What are the exact steps to produce $k = \log_{3/2}n $ from $(\frac{2}{3})^kn = 1$?

Question

What are the procedures to derive $k = \log_{3/2}n $ from $(\frac{2}{3})^kn = 1$? Is there a well-known formula?

Answer 1

It's just definition.

$(\frac 23)^k n = 1$ so

$(\frac 23)^k = \frac 1n$ so

$(\frac 32)^k = n$ so

By definition, $\log_{\frac 32} n = k$.

The formulas $\log_b n = - \log_{\frac 1b} n$ (because $b^k = (\frac 1b)^{-k}$) and $\log_b \frac 1n = -\log_b n$ (ditto) might be useful.
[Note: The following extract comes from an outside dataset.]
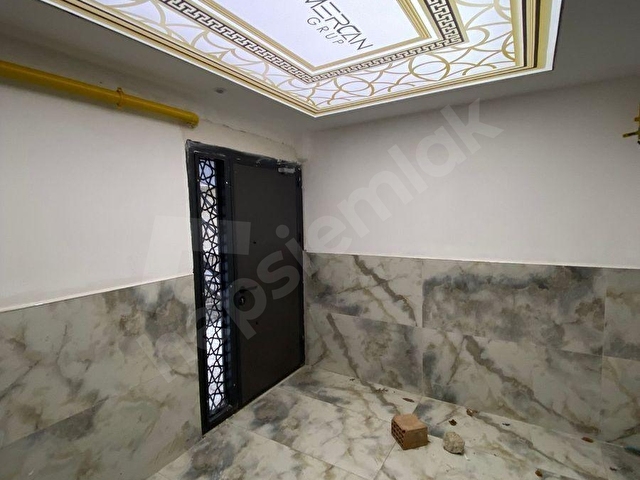 ATAKUM YENİMAHALLE DE LÜKS EŞYASIZ 1+1 DAİRE - Görsel 3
But mustly you should know the definition that $\log_b n = k \iff b^k = n$. Technically that isnt a "formula" (because it's a definition) but it may be thought of as one.

Answer 2

We can write $$\left(\frac{2}{3}\right)^k=\frac{1}{n}$$ so $$\left(\frac{3}{2}\right)^k=n$$ so $$k\ln \left(\frac{3}{2}\right)=\ln(n)$$

Answer 3

Pass $n$ to the right and take $log_{\frac{3}{2}}$ in both sides. Now using that $log(a^b) = b \log(a)$ you get on the left $k *log_{\frac{3}{2}}(\frac{2}{3})$ which is $-k$. On the right you have $log_{\frac{3}{2}}(\frac{1}{n})$ which is $-log_{\frac{3}{2}}(n)$. So you finally get $k=log_{\frac{3}{2}}(n)$

Answer 4

$k = \log_{3/2} n$ $\Rightarrow$ $\left( \frac{3}{2} \right)^k = n$ (by definition of logarithm) $\Rightarrow$ $1 = \left( \frac{3}{2} \right)^{-k}n$ $\Rightarrow$ $n\left( \frac{2}{3} \right)^k = 1$

Answer 5

Manipulate the original equation a bit:

$$\left(\frac{2}{3}\right)^k n = 1 \iff \left(\frac{2}{3}\right)^k = \frac{1}{n} \iff \left(\frac{3}{2}\right)^k = n$$

Now, just use the definition of a logarithm: $a^b = c \iff \log_a c = b$. This gets the desired result: $k = \log_{\frac{3}{2}} n$.